The second area of weakness for containers is they are not proven scalable. “Containers face many challenges to scale. It’s one thing to do a Web app but it’s another thing to do a multitenant, complex enterprise app with a lot of data of interest,” said Lyman.
But that can be turned into a positive as well. “Containers are a really good match for microservices, where you chop up the app into chunks for different teams, so everyone works on their specialty area,” said Hightower. “Containers are good for that use case.
Co-Existence with Virtualization
Because they have different strengths, weaknesses and functions, virtual machines and containers should not be viewed as competitors but as complimentary.
“Containers and VMs are destined to be close companions in the cloud of clouds. Just as one cloud is not enough, and so too, one virtualization technology is not enough. Each technology provides a different response to different use cases, and in many cases work together to solve those challenges,” said Mann.
“Containers are especially good for early development, for example, because the speed of manual provisioning/deprovisioning greatly outweighs the improved manageability of a virtual machine in an environment where everything is new and rapidly changing,” he added.
The two are very much complementary to each other, adds Hightower. “Now you need fewer VMs and probably can go back to a bare metal server with no virtualization. If you are good at VMs, you can use containers for everything.”

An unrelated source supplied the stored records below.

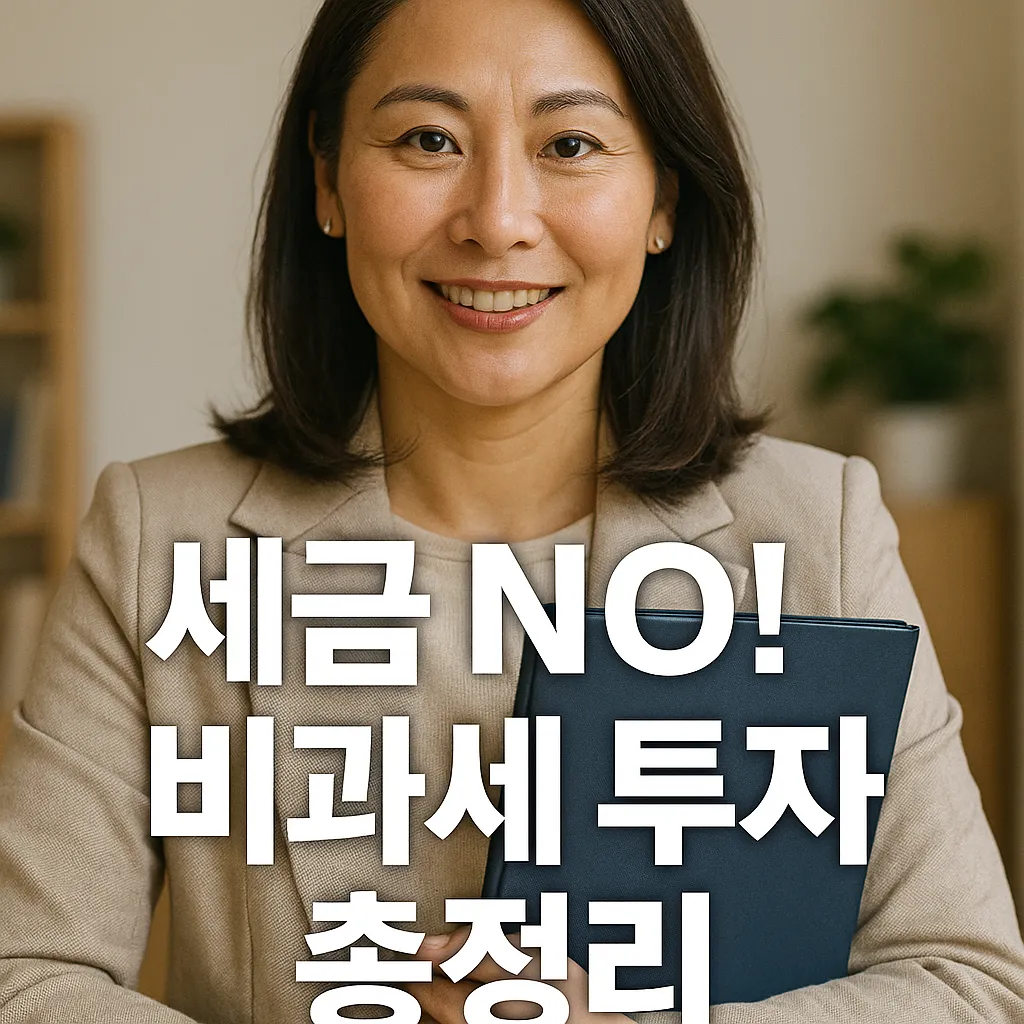 비과세 상품 모음과 꼭 알아야 할 절세 투자 꿀팁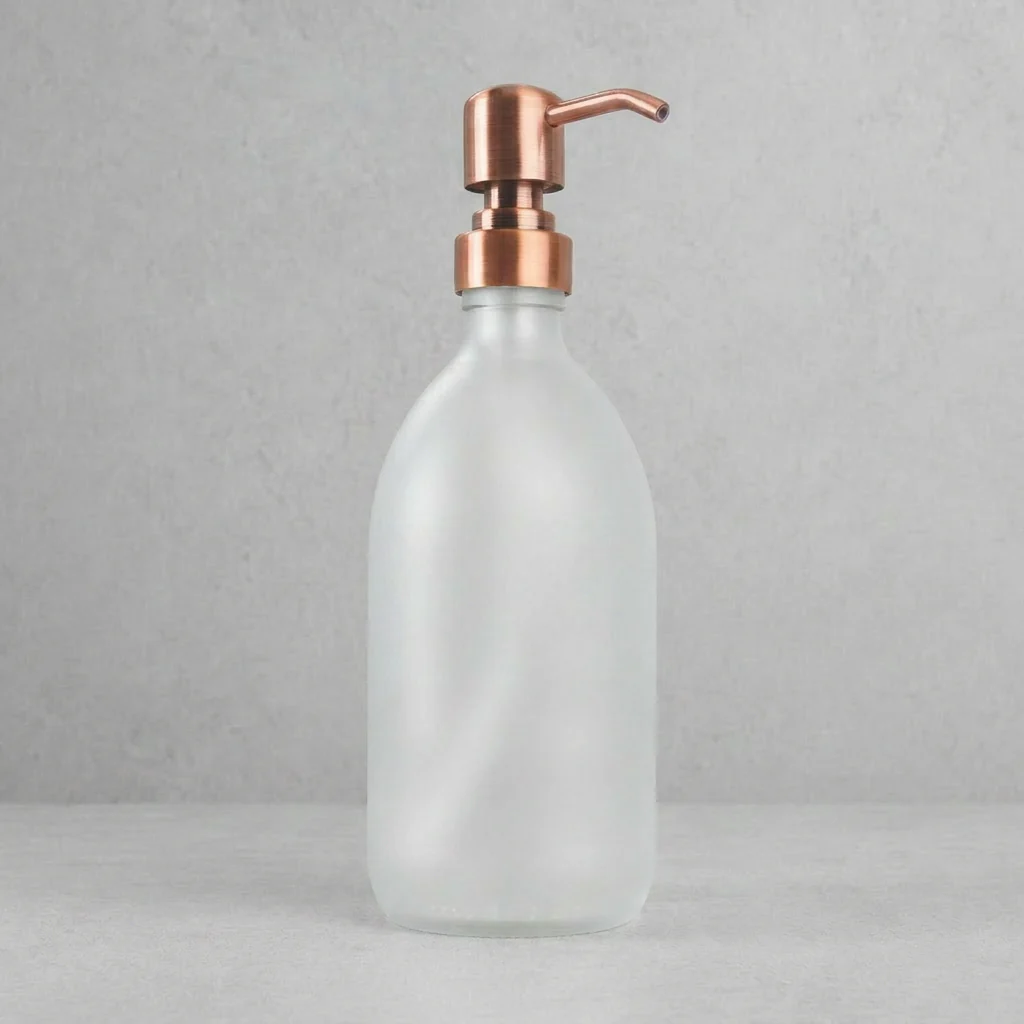 Frosted White Glass Dispenser - Image 10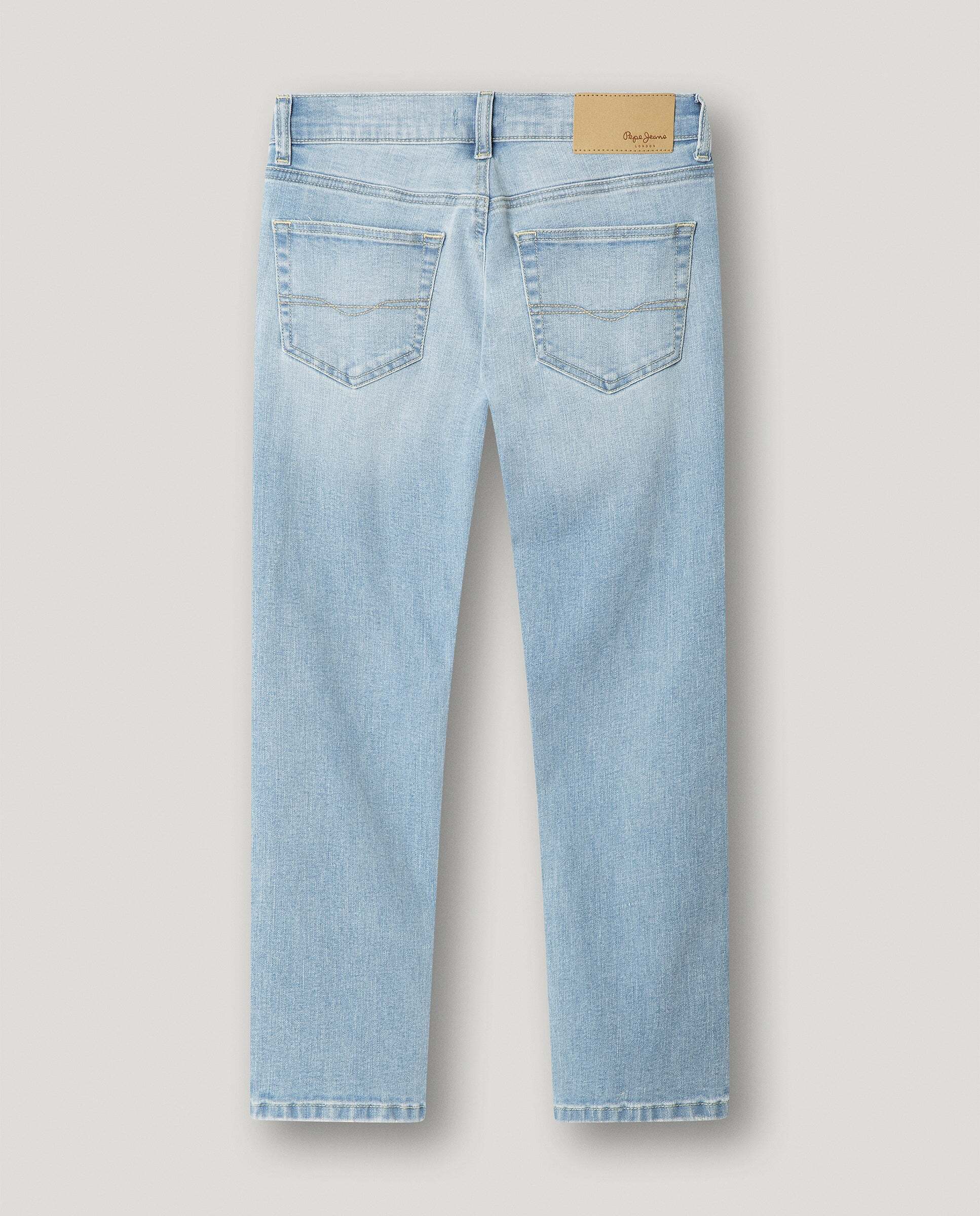 Pantalón vaquero Slim Hatcher de niño - Pepe Jeans - Azul claro Azul claro-4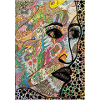 Visage abstrait en profil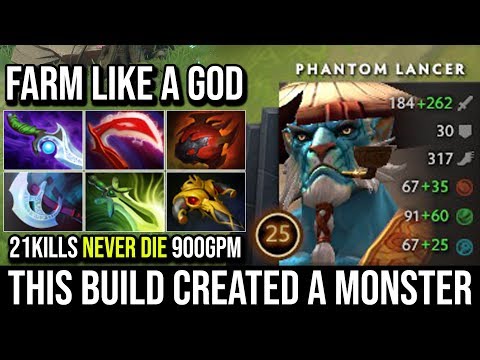 This Build Created a Cacner [Phantom Lancer] Ultimate Farming Guide 900GPM 21Kills Never Die Dota 2
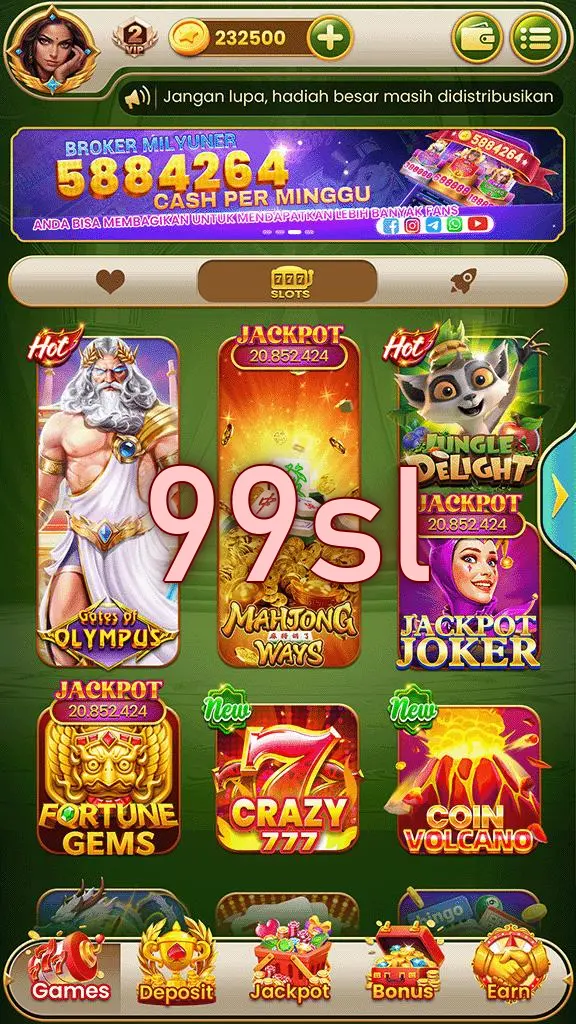 99sl Tangkapan Layar Resmi APK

Containers have interest from startups like Docker, CoreOS and Shippable but also big names like Google with Kubernetes, IBM supporting Docker on its BlueMix PaaS service, Amazon supports containers on Elastic Cloud 2, HP and Microsoft have their own efforts, and Red Hat’s OpenShift PaaS.
It’s an emerging technology which has an interesting usage scenario & like any other new technology it has it’s limitation attached to it. But over the years, if supported by further development, it has a lot of potential and can see even larger adoption once the limitations are lifted or reduced to a sizable extent.